_Supplied data_:
**********

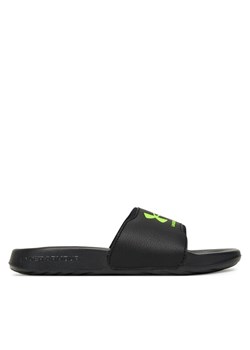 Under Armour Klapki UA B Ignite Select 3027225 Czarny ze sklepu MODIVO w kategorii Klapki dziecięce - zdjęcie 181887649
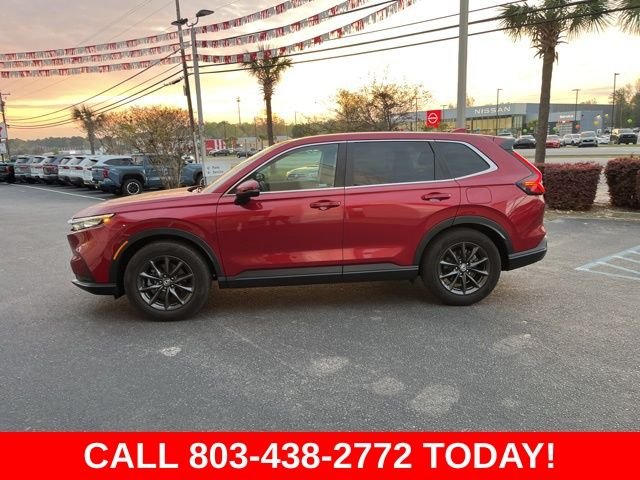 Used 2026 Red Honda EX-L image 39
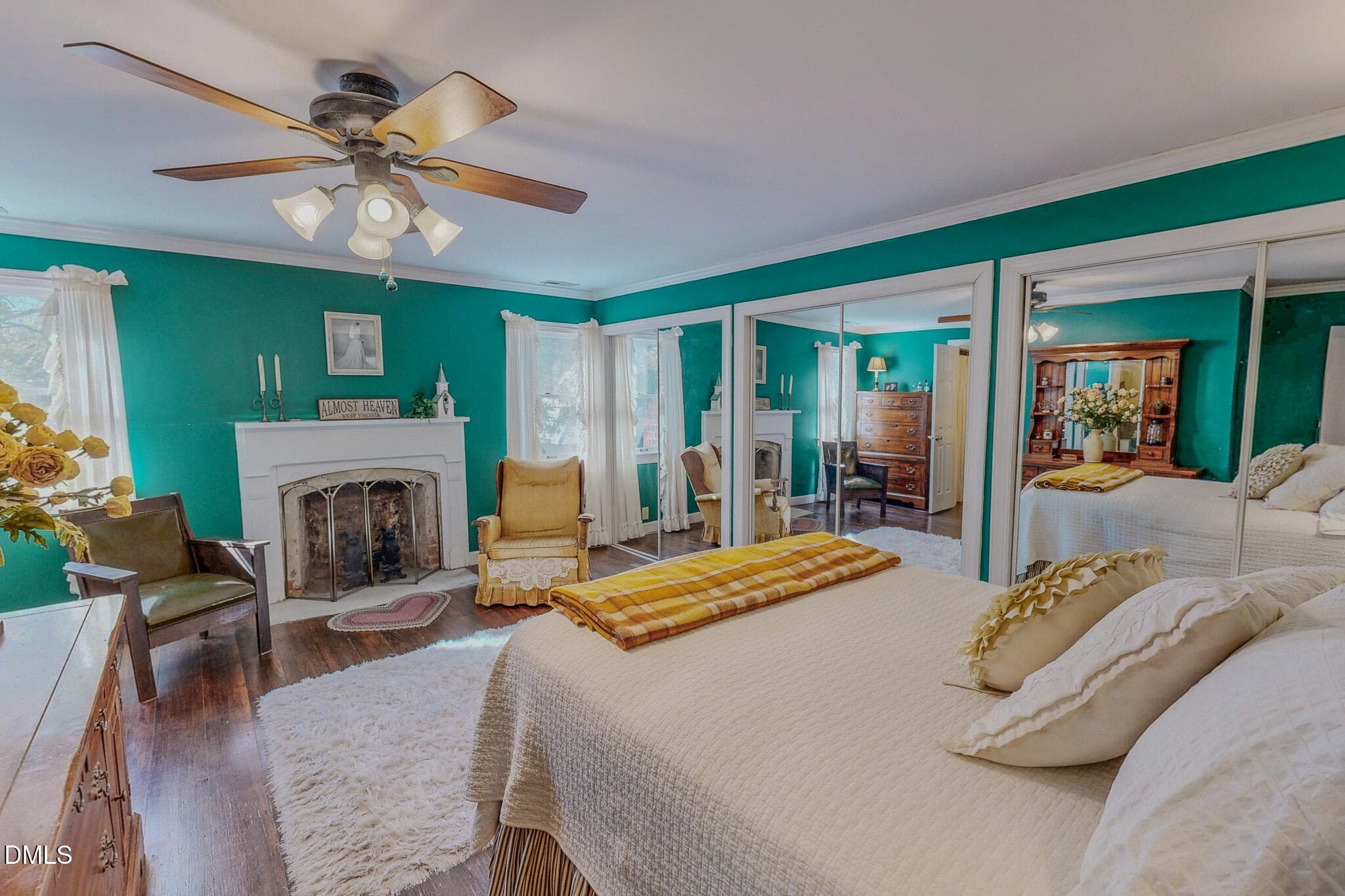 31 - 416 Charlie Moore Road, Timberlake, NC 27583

**********

_The problem_:
Your copy should hold exactly the lines from the one that contains "Used 2026 Red Honda EX-L image 39" through the final line of the data, both ends included, and no pictures.

_Task result_:
 Used 2026 Red Honda EX-L image 39
 31 - 416 Charlie Moore Road, Timberlake, NC 27583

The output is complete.